Just her name. Unhurried. The way he said it when he meant it to carry everything.
She waited.
"I have — " He paused. Started again. "I have spent a great deal of my life knowing precisely what I was doing and why. I was trained for it. It was, for a long time, the only thing I could be certain of." A breath. "I am not certain of many things now. My name is new to me. My people are new to me. The country I thought was home was never mine to begin with."
He looked at her steadily.
"But you," he said, and it was quiet, and it was absolute, "are not something I am uncertain of. You have not been, since a riverside, when I had no business feeling anything at all." A pause. "I would like to spend the rest of whatever life I am building asking you thoroughly unsuitable questions and sorting your records incorrectly and standing in gardens that are yours and being told, repeatedly, that I am insufferable."
“I would like,” he said quietly, “for all roads to lead back to you. Not because I lack others. But because every other road is less interesting without you at the end of it.” A pause. "Will you let them?"
She looked at him for a long moment. His face in the evening light, unguarded and waiting, asking without pressing, the way he always did.
"Yes, Flavius," she said simply. "Obviously yes."
He reached for her hand.
She let him take it.
“You should know,” he added, almost absently, looking at the fountain, “that I have thought about this. About you. For longer than is entirely dignified. Since before the garden. Since before the dawat, if I am honest.”
A glance at him, brief, bright.
“Hmmm…You were, even as Akçora, the most interesting person I had ever been furious with.”
He stared at her.
She looked back at the water.
He opened his mouth. Closed it.
“Fatma,” he managed.
“Hm?”
“You could have said that at any point.”
“I could have.”
“In the garden. The first night—”
“I could have.”
“Fatma.”
“Flavius.”
He looked at her for a long moment.
She met it, entirely composed, the smile no longer concealed.
“You,” he said finally, with feeling, “are insufferable.”
“Hopelessly,” she agreed, warm and unapologetic.
He laughed wholeheartedly.
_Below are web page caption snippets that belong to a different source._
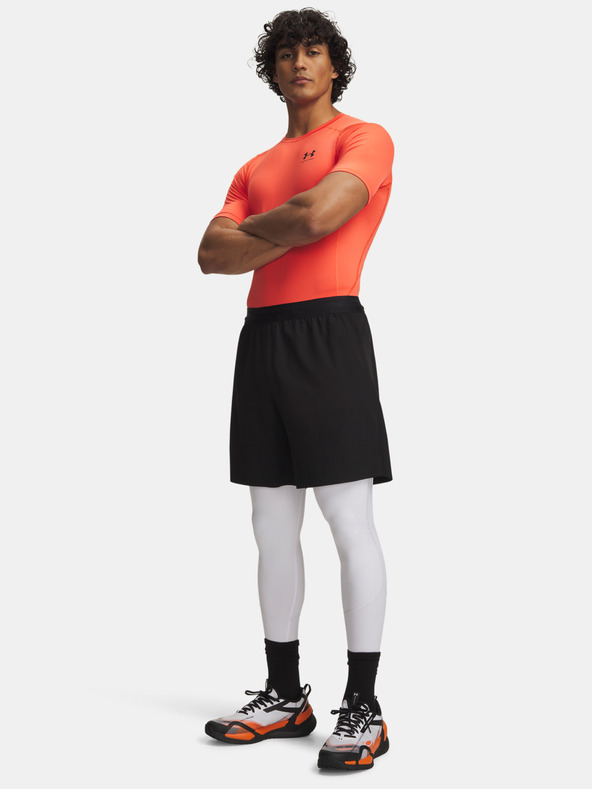 Under Armour Férfi leggings Under Armour UA HG Elite Leggings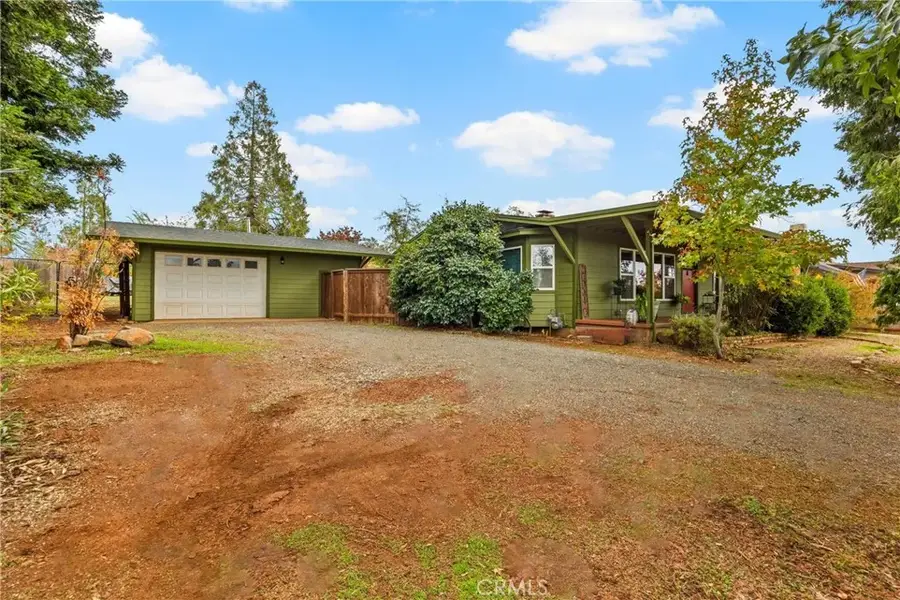 5416 Foster, Paradise, CA 95969 - Image #2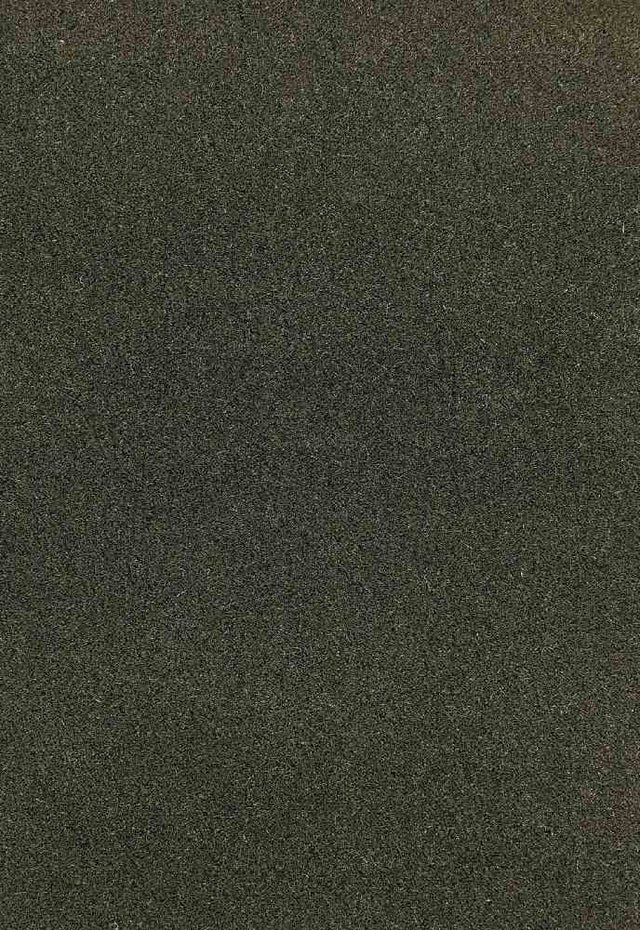 Schumacher San Carlo Balsam 64893 Mohair Velvet Collection Indoor Upholstery Fabric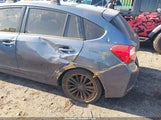Subaru Impreza 2.0I Premium JF1GPAC68CH230591 снимка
She laughed with him, open and unguarded.
They stood there a while, standing close, the laughter settling into something quieter. Steadier.
“You are the most extraordinary woman I have ever met,” he said.
She looked up at him, smiling shyly.
Above them, a window cast soft light into the garden. Whether anyone stood behind it was a question neither of them chose to answer.
They had learned, by now, that the garden always had an audience.
They had also, without discussion, stopped minding.